Teaching has some benefits to the teacher. It forces you to see outside the box, and gives an incentive to improve your knowledge, especially when you are teaching something you feel unqualified for. For example, I had to train engineers in food and feed industry. As the subject was not within my immediate field of expertise, I had to become competent.

Last but not least, teaching makes you feel that you are making a difference to your students’ lives. You interact with them, you help them make a career, and some of them might choose to join in your lab for projects or research positions.

KV: And speaking of mentorship, what is the one most important piece of advice you would give to an Early Career Researcher in synthetic biology?

PC: Do what you like! This is the only important thing, do it for real and never give up!

Pierre Crozet.jpg

Pierre is interested in the molecular mechanisms allowing Plants to adapt to stresses.
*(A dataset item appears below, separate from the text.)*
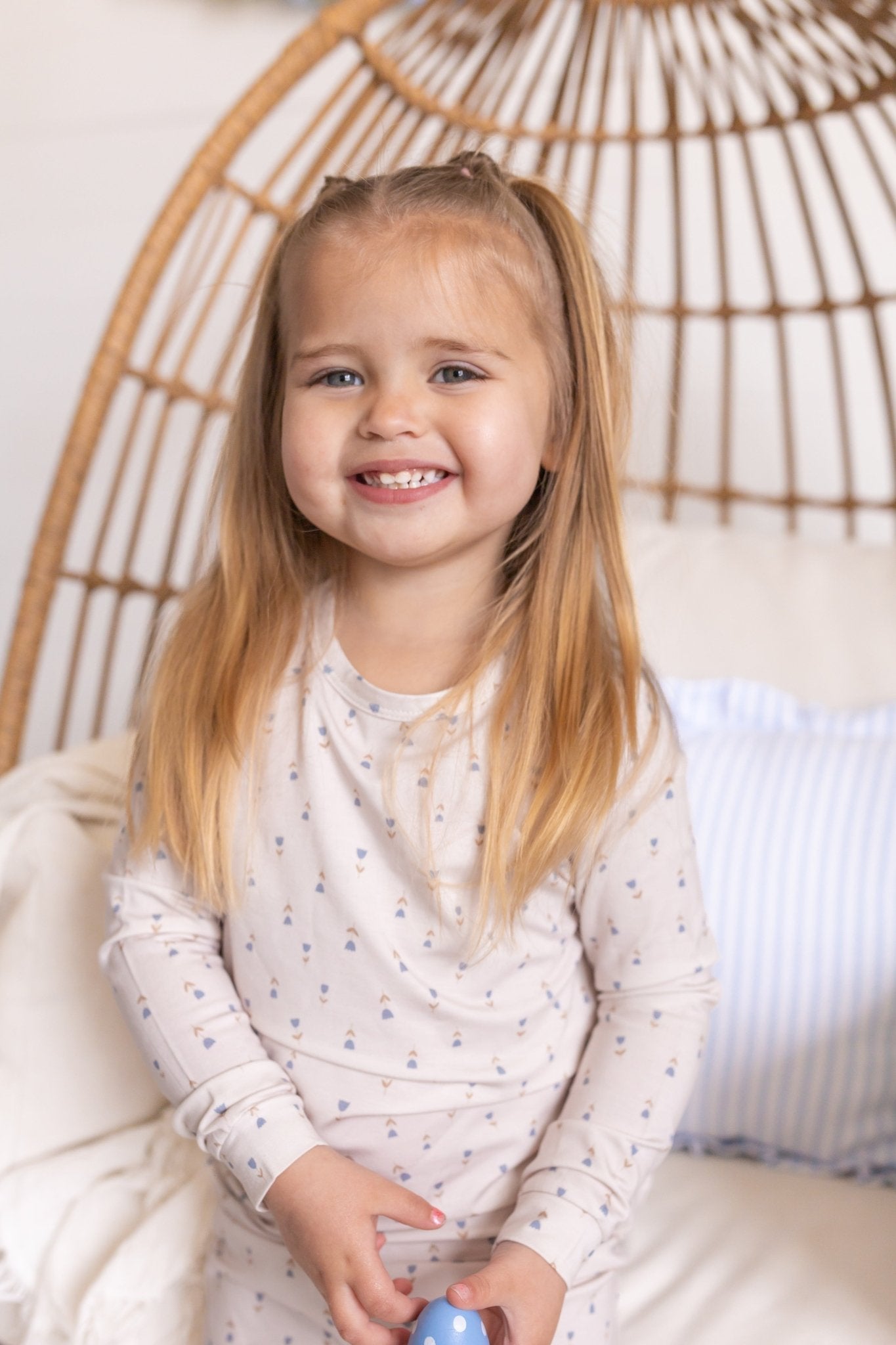 Tiny Tulips 2pc Bamboo Pajamas - Bright House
One of the major integrators of these environmental cues is the SnRK1 complex that allows maintenance of energy homeostasis. He studied its complex post-translational regulations that allow specific signal transduction during both his PhD at Université Paris-Sud, France, with Martine Thomas and Jean Vidal, and his postdoc at Instituto Gulbenkian de Ciência, Portugal, with Elena Baena-Gonzalez.

Since 2016, he shifted towards Synthetic Biology of carbon fixation in Chlamydomonas aiming at making this alga a better chassis to study the Calvin-Benson Cycle regulation through synthesis. He joined the team of Stéphane Lemaire and was appointed Assistant Professor in 2017 at Sorbonne Université to continue his work on developing Synthetic Biology in microalgae.

The answers were edited for length and clarity.